Beitrag von nabu kudurri usur »

Wer von den Domis oder den Zweiventil-Boxern kommt, für den ist das Einstellen der Ventile keine große Sache. Legt er sich dann aber mal eine Vierventil - K 100 RS von 1990 zu, dann hat er wirklich gut zu tun und viel zu löhnen. Um an die 16 Tassenstößel zu kommen, müssen zwei Nockenwellen, eine Steuerkette und diverse Motordeckel entfernt werden. Sind dann noch 11 Tassenstößel á 24 € fällig, dann freut sich der Besitzer, wenn er durch Umstecken nur noch sieben neue Stößel kaufen muss. Wie gut, dass er das selber machen kann. In einer Werkstatt würden jetzt wohl 500 € für die Aktion fällig.

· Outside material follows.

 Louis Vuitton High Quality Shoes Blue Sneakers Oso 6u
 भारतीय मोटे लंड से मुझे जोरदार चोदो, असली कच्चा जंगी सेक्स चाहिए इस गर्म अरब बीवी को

Solche Investitionssummen dürften der Grund dafür sein, dass "Flying Bricks", die jahrzehntelang in der Garage des Erstbesitzers standen, keineswegs immer in einem technisch optimalen Zustand sind. Alle drei meiner BMW-Kohlenkästen habe ich zwischen 2015 und 2018 von den Erstbesitzern gekauft. Dabei handelte es sich um wohlsituierte Herren gesetzteren Alters, die es wohl kaum gewöhnt waren, einen Schraubenschlüssel in die Hand nehmen. Man hatte das Geld, um sich eine Werkstatt leisten zu können. Das ist OK so und nicht zu kritisieren.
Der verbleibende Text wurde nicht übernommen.